The pollution would likely be cut through best-available-science emissions controls, a pivot to cleaner burning fuels, or a combination of both.

The possibility of tougher pollution standards was met with alarm by two owners of Colstrip Power Plant, namely NorthWestern Energy and Talen Energy, both of which are trying to acquire more shares of Colstrip from owners facing bans on coal power in Washington and Oregon. NorthWestern expects to double its owned coal power generation in Montana at the end of 2025 and indicated it would be looking for more Colstrip power if it became available.

Kathleen Potter, Talen Energy’s senior environmental professional, told EPA the new standards would drive Colstrip into closure.

“Talen has significant concerns about the proposal, particularly as it pertains to existing coal-fired steam generating units. The concerns stem from the unique circumstances of Colstrip,” said Potter, in testimony to EPA. “Per the Proposal, Colstrip would be forced to either: (1) retire by the end of 2031; (2) retire by the end of 2034 but adopt an annual capacity factor limit by 20 percent from 2030; (3) retire by the end of 2039 and co-fire 40 percent natural gas from 2030; or (4) operate past 2039 and install CCS with 90 percent carbon dioxide (“CO2”) capture by 2030. For it to operate beyond 2034, Colstrip would need to make massive capital investments, including on supporting infrastructure such as pipelines, to co-fire natural gas or to implement CCS. Colstrip currently does not have any ability to implement either technology.”
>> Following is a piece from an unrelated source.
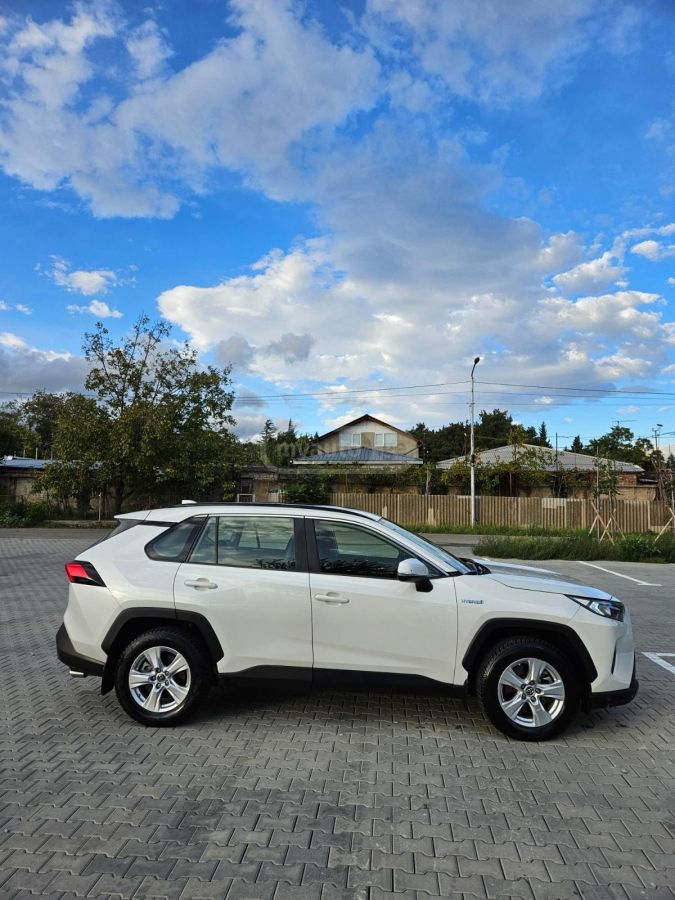 Toyota RAV 4 - фото 8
Talen, the power plant operator at Colstrip, emerged from bankruptcy in late 2022. Potter told EPA that Colstrip would shut down rather than operate intermittently during times of peak demand.
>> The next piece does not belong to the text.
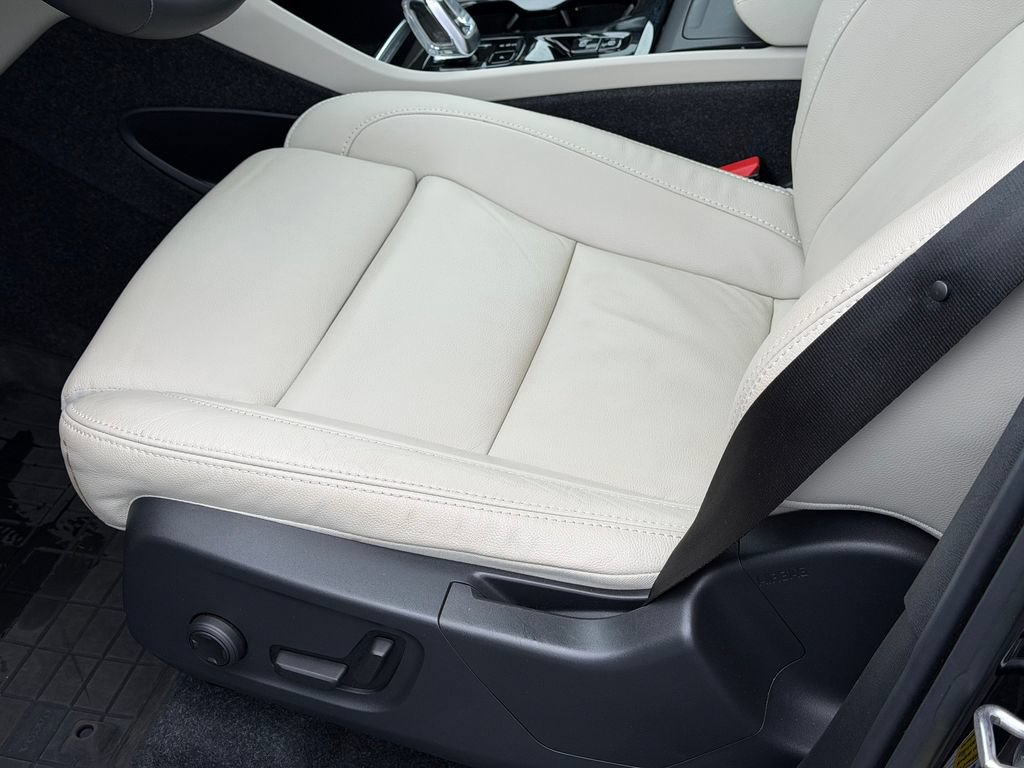 Certified 2023 Volvo XC40 B5 Plus w/ Protection Package Premier AWD/4WD image 26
Montana’s congressional Republicans, Sen. Steve Daines and Reps. Matt Rosendale and Ryan Zinke were quick to blast the EPA’s proposed rule in May. Zinke suggested the rule would lead to “high priced electricity and brownouts.”

The threat of shutdown over tougher pollution limits is similar to Colstrip owners’ response to the “Clean Power Plan” of the Barack Obama presidency. That plan proposed that each state as a whole meet tougher greenhouse gas emissions standards, which in Montana’s case meant shutting down the two dirtiest of Colstrip’s four units. The Clean Power Plan died in court, while Colstrip’s Units 1 and 2 were shuttered for being uneconomical. But the politics of a Democratic president attempting to curb climate change, put the party’s statewide elected officials on the hot seat in Montana.

Steve Bullock, Montana’s former Democratic governor, accused President Obama of “moving the goalposts” of climate change policy to Montana’s disadvantage. Bullock was up for reelection in 2016 when EPA informed Montana it would have to cut carbon emissions by 21%.

Votes in Rosebud Co.

Colstrip is in Rosebud County, which combined with neighboring Big Horn County, comprise the heart of Montana coal country. Both counties have coal-fired power plants, though Hardin Generation Station in Big Horn County operates little to not at all.

Both counties are home to Montana’s largest, open-pit coal mines, which are also struggling. Big Horn County’s Decker Mine closed in early 2021 after losing its last powerplant customer. There were no takers for Decker Mine, which remains closed. The Absaloka mine, with mineral rights owned by the Crow Tribe of Indians, produced less than 2 million tons of coal in 2023 as its mainstay customer Sherburne County Generation Station in Minnesota transitions to solar power.

In Rosebud County, the closures of Colstrip Units 1 and 2 have cut into the coal production of Rosebud Mine. EPA’s proposed greenhouse gas emissions are just one of the pollution regulations on the horizon that could drive up the cost of operating Colstrip. There are tougher mercury air toxics emissions standards in the works, as well.

Tester’s share of the vote in these two coal counties has been shrinking over the past three elections. Voting records show the Democrat won 55% of the vote in Rosebud County in 2006 when he unseated incumbent Republican Sen. Conrad Burns. In 2012, Tester won 48% of the vote. By 2018, he was down to 44%.

In Big Horn County, Tester’s share of the vote has slid from 74% in 2006 to 64% in 2018. In the 2018 election, Republicans were trying out a new slogan Big Horn County’s American Indian majority: “A war on coal, is a war on Indian families.”